種名についたアコウも同じクワ科なので食草なのだろう。

(撮影:沖縄県国頭村 2008.11.24)

タイワンキドクガ(沖縄編35)

2009年01月04日 10時24分59秒 | Weblog
タイワンキドクガは前翅に薄い2本のすじがある。
チャドクガも同じような2本のすじがあるが、こちらは2本のすじがもっと離れていて翅頂付近に黒点があり沖縄には分布していないことで区別できる。
また、沖縄に分布しているゴマフリドクガにも似ているが、こちらは2本のすじがない。

平地性の蛾で幼虫はゴボウ、ダイコン、ツルソバ、バラ、モモタマナその他ほとんどの植物を食べるという。
沖縄では時に多数発生して幼虫の毒毛による被害が出る。

奄美大島以西、台湾にかけて分布している。
(撮影:沖縄県国頭村 2008.11.26)

シャクトリノメイガ(沖縄編34)

2009年01月03日 10時05分14秒 | Weblog
シャクトリノメイガは前翅翅頂が鎌状にとがり、メイガの仲間ではやや大きい方である。
シャクトリという名前から幼虫はシャクトリムシのような形態や動きをしているのだろうと調べてみたが、手元の資料では探しても食草も幼虫も不明だった。

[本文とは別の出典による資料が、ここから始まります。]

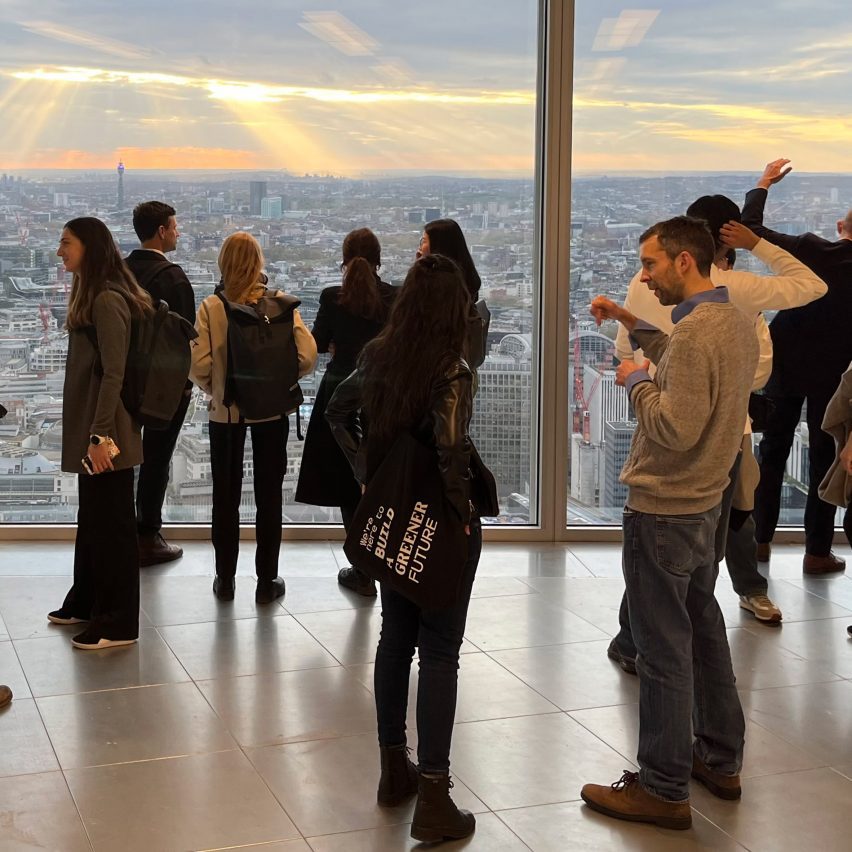 People looking out to cityscape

沖縄ではやや少ないようで、九州南部以西、台湾、中国、インドに分布している。
(撮影:沖縄県大宜味村 2008.11.28)

ハガタベニコケガ奄美以南亜種(沖縄編33)

2009年01月02日 09時28分55秒 | Weblog
ハガタベニコケガは小さいが赤くてきれいだ。

日本に分布するものは3つの亜種に分けられていて奄美大島より西、石垣島、西表島にかけて分布するものが奄美以南亜種とされている。

北海道の個体は色も薄く黒い線も細いが南にいくに従い赤みが強くなり、黒い線も幅広く濃くはっきりしてくる。
北と南の両方を比べると、特に奄美以南亜種は別種のような違いを感じる。